And, last, but not least, take some advice from this turtle. Going very slowly at the end of one's taper is REALLY important. Too many folks jump off at 1 mg and live to regret it. Some people even reinstate at that level. I tapered myself down to a measly .05 mg, and I didn't feel any differently off the benzos than on them by that point in time. I still have some hot and cold flashes, and my thyroid is out of whack. But, all in all, I'm so glad I am finally off this poison. And, I never could have done it without Dr. Whitmont and without all my buddies in the benzo groups!

Love, Genie

I

When I started to take benzos I was in college. Somehow I took them to fall asleep more easily.

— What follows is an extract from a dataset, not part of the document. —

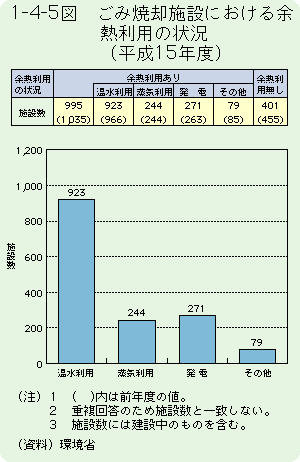 1-4-5図	ごみ焼却施設における余熱利用の状況（平成15年度）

I soon began to have panic attacks but I didn't know that the benzos caused them, so I took more benzos to help me with the panic.

I had chronic pain before I took the benzos, and with the ongoing consumption the pain spread everywhere in my upper body. Some months after the first dose I also got derealisation along with panic; and in an attempt to ease these symptoms it all lead to nothing but a downright benzo abuse. I just took them like candy, but I had no idea that all my symptoms were benzo induced or aggravated by them.

I got a contraindication after a very heavy evening dose, and so I had to almost drop them cold turkey. I came off of them easily as I wasn't addicted, but the derealisation stayed for many months. When the derealisation lifted I got very strong pain and anxiety.

Now, a year off, I still have too much pain and nightmares and some anxiety. I don't expect the pain to leave anytime soon because I have had strong pain before the benzos as well, and the nightmares are caused by the pain also. But I'm very positive that I will be absolutely anxiety free soon.

~ I

Martha

I started taking Klonopin in 1991 for brain seizures that had kept me awake for one year. I kept increasing my dose to keep the brain seizures in control until I ended up on 8 mg. of Klonopin a day.

When I came off Vicodin in April of 2004, my doctor told me to also stop the Klonopin!!! I was afraid of having brain seizures so I tapered quickly but not all at once. I tapered from 8 mg. to 3 mg. in 15 days and was wondering why I felt like so strange. That's when my cough started, that I still have, and I ended up with multiple other conditions and problems from the taper that was too fast.

I found a benzo forum one year ago, learned the truth, and have been slow tapering the rest of the way. I'm still on quite a high dose, 0.9 mg.

My main symptoms have been a crico-pharyngeal spasm, coughing from that, and unrelenting nerve pain all over my body which has kept me from walking much. I sit most of the time.

I hope to be benzo free in about one year, maybe slightly more. My faith has kept me going.

Ivy

It's difficult for me to know exactly where to begin, but I suppose I could start by writing that I have been benzo-free since the beginning of March of this year. The decision to stop my benzodiazepine use was one of the best I have ever made, although the process of tapering and withdrawal was one of the hardest experiences I have gone through.

I had my first panic attack when I was seventeen years old and truly thought I was dying. The doctor I went to was an old general practitioner and he prescribed Valium. I had a basic idea of what it was because I had a friend whose Mother had a "nervous condition" and would inject it into her thigh when she had one of her "spells." The thought of that and the idea of becoming dependent on a medication caused me to tear up the prescription and I never went back to that doctor.

The next few years were spent having children and enduring the occasional panic attack. I simply accepted them as a part of my life and tried to work around them. Panic disorder, like almost everything, is cyclical and when I turned thirty I began to have more and realized that I needed to get some help. My family doctor referred me to a psychiatrist and after my first visit, I left with a month long supply of Paxil, which is an antidepressant in the SSRI family that can sometimes help people suffering from panic disorder.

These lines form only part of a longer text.